Erm. None of them. Your CPF funds generally can’t be touched, except for housing, healthcare, and to pay for insurance. You can also use a portion of your CPF money for investment (the CPF Investment Scheme, or CPFIS), but any returns from CPF investments go back into your CPF account, not your bank account. Invest wisely: Losses made from CPF investments will not be replaced by the government. Also, you’re not going to be able to see some of this money till you’re 55.
Ooh, what happens when I’m 55?
When you reach 55, a Retirement Account (RA) will be created and savings from your SA and OA will be transferred to this RA to form your retirement sum. This will be used to buy a CPF LIFE annuity to provide you with monthly payouts for life, from the age 65 (the current payout eligibility age).
Those who turn 55 in 2015 can also withdraw a portion of savings from their OA and SA as long as certain requirements are met. However, seeing that you’re just starting out in your career, we’ll avoid going into the finer details of the current withdrawal amounts or requirements as they might not even be relevant by the time you’re ready to retire. The important thing to note is that you will probably not be able to take all of your CPF funds out at 55 and therefore should consider making sufficient investments now so that you don’t just have to depend on your CPF to be financially comfortable in the future.
So you’re saying that if I just depend on my CPF it won’t be enough for me to enjoy my life when I’m done working for other people?

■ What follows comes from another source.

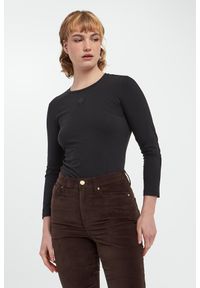 Longsleeve damski z aplikacją JOOP!. Długość rękawa: długi rękaw. Wzór: aplikacja #1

It totally depends on your wants and needs. Some of you may feel that your CPF contributions will sufficient to tide you through your later years in life. Others might desire living a little larger in their older years.. There is no right or wrong answer – only your answer.
Remember though, a critical factor to consider is that dreaded inflation rate risk. The prices of goods go up with time, and a dollar today will not be worth a dollar in the year 2060. This is why in your grandparents’ day, a stick of satay could cost two cents, or a pair of good shoes went for S$5. For five bucks today, you’d be lucky to get a decent meal at a mall’s food court.
Now I have to worry about acronyms and inflation? Come on!
Yup! Welcome to adulthood, where backaches, high blood-pressure and inflation await!
In Singapore, the inflation rate is around 3 per cent per annum. Note that most bank accounts will, on average, only provide 0.125 per cent interest on your savings, so just leaving money in your bank account isn’t going to cut it.
At an OA rate of up to 3.5 per cent, the CPF gives you a slight lead against inflation. If possible, try to complement what you are accumulating in CPF with a good insurance plan that you get into earlier in the game. Speak to a financial advisor to make sure you’re on the right track. There are many different insurance endowment plans out there, some of them may even provide returns of around 5 per cent per annum. That means with an early start and combined with the CPF interest you’re already getting, you could be less concerned about inflation rates than you are about the inflation of your waistline when you’re 55.
And now you know CPF. Achievement unlocked.